Yes! I’ve been meaning to do something like this for a while, but since I could often rely on conversations at the lunch table or in the hallway to share possibilities, it always fell to the bottom of the list. Since I can’t rely on those anymore, it got moved way up the list!
What great ideas, Sara! Your slideshow is awesome, and I love the idea of video check-ins and sharing student progress.
I, too, have been struggling with how to make sure I am connecting with as many students as possible. Add to that, our other (elementary) librarian retired this past spring, and there is a freeze on re-hiring her position–so the challenges of trying to cover Nursery-12th as one person are a bit daunting! A combination of recorded lessons and synchronous drop-in appointments sounds great; I am going to brainstorm how that could look at our school.

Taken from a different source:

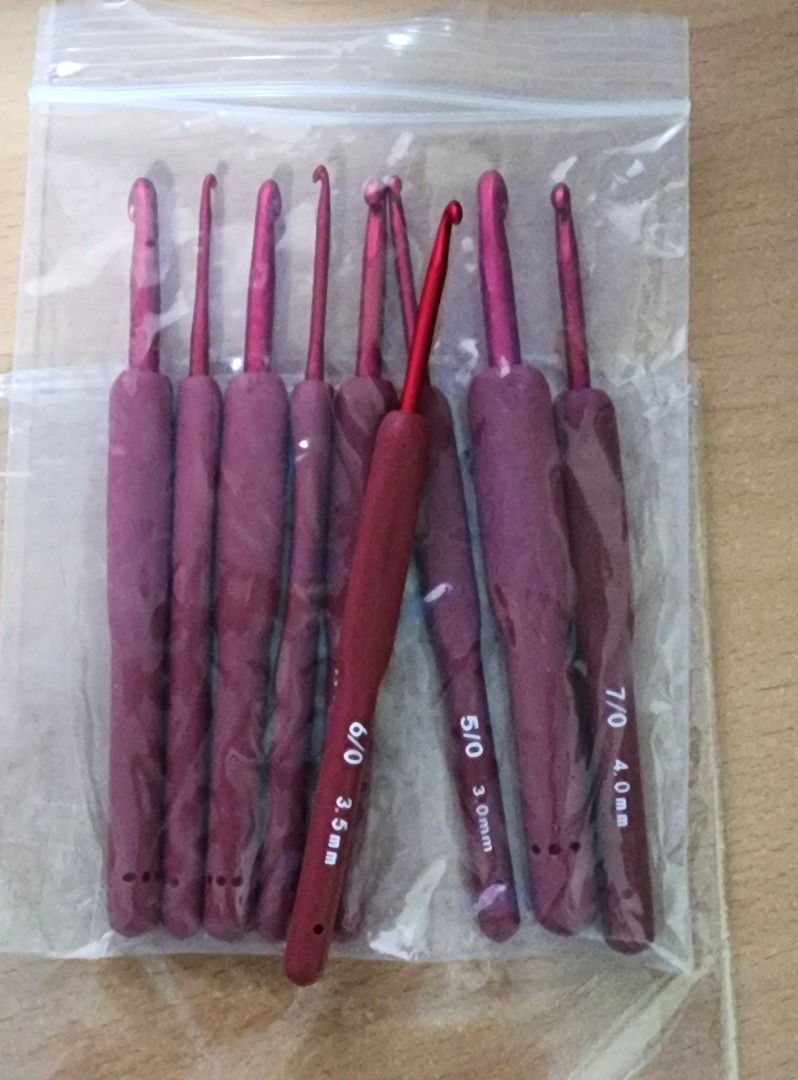 Crochet hook set, Hobbies & Toys, Stationery & Craft, Craft Supplies &  Tools on Carousell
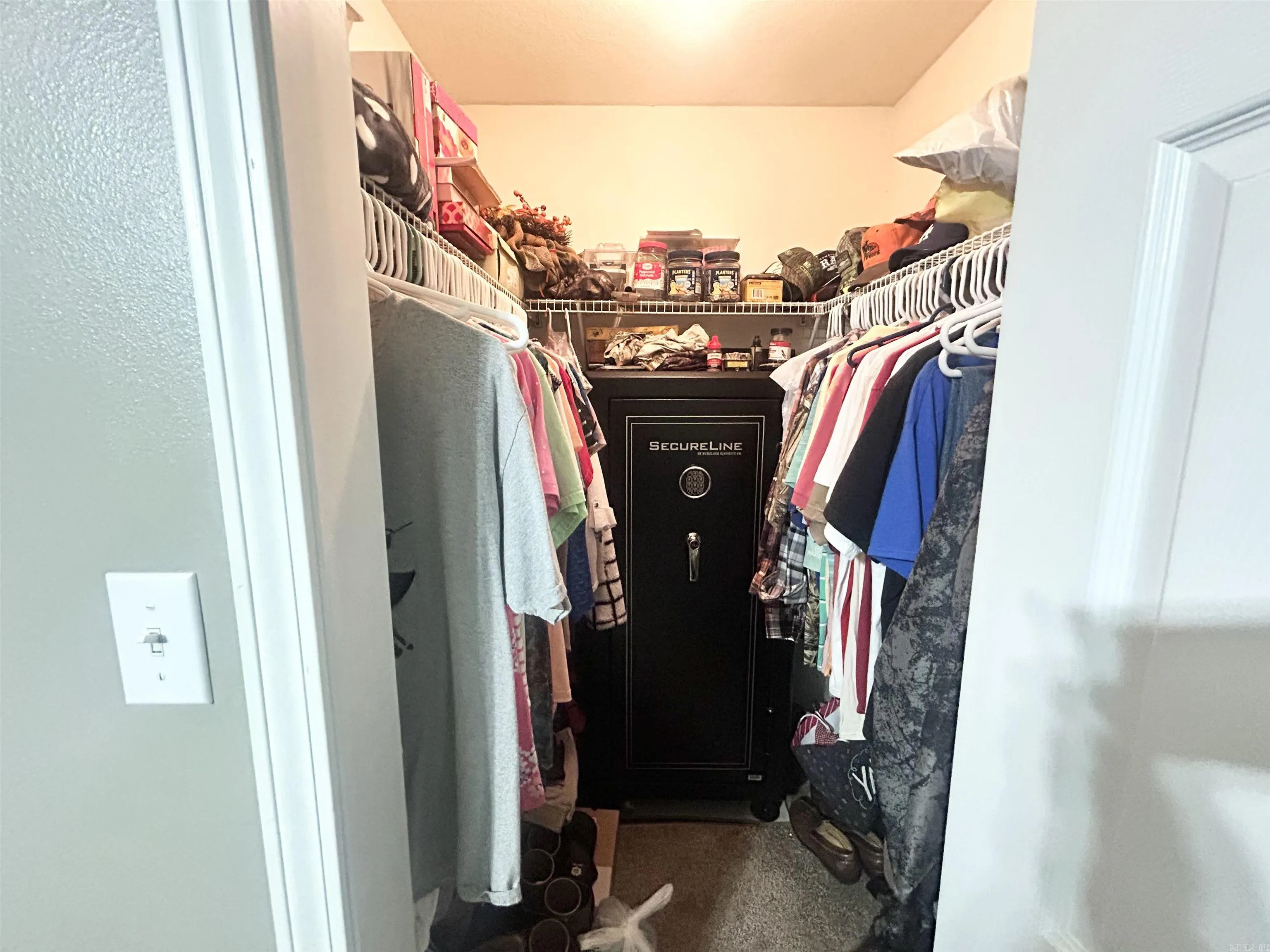 Property at 1307  Desota - Image 11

Would love an update about the check-in appointments after you implement them; I am wondering how limiting it to 10 minutes will play out, and if you have to make any adjustments. Wishing you the best with this great plan!
Nursery through 12th is a lot! I’m in awe of anyone who can work with that age range.
I will definitely share more about how things go. I settled on 10 minutes as a starting point; we’ll see if/how I need to adjust that.
Sara, this is awesome! I love how you have been working this out all summer long and then acted on it. I doubly appreciate you sharing it with the listserv and our collective brain. Have a fantastic day.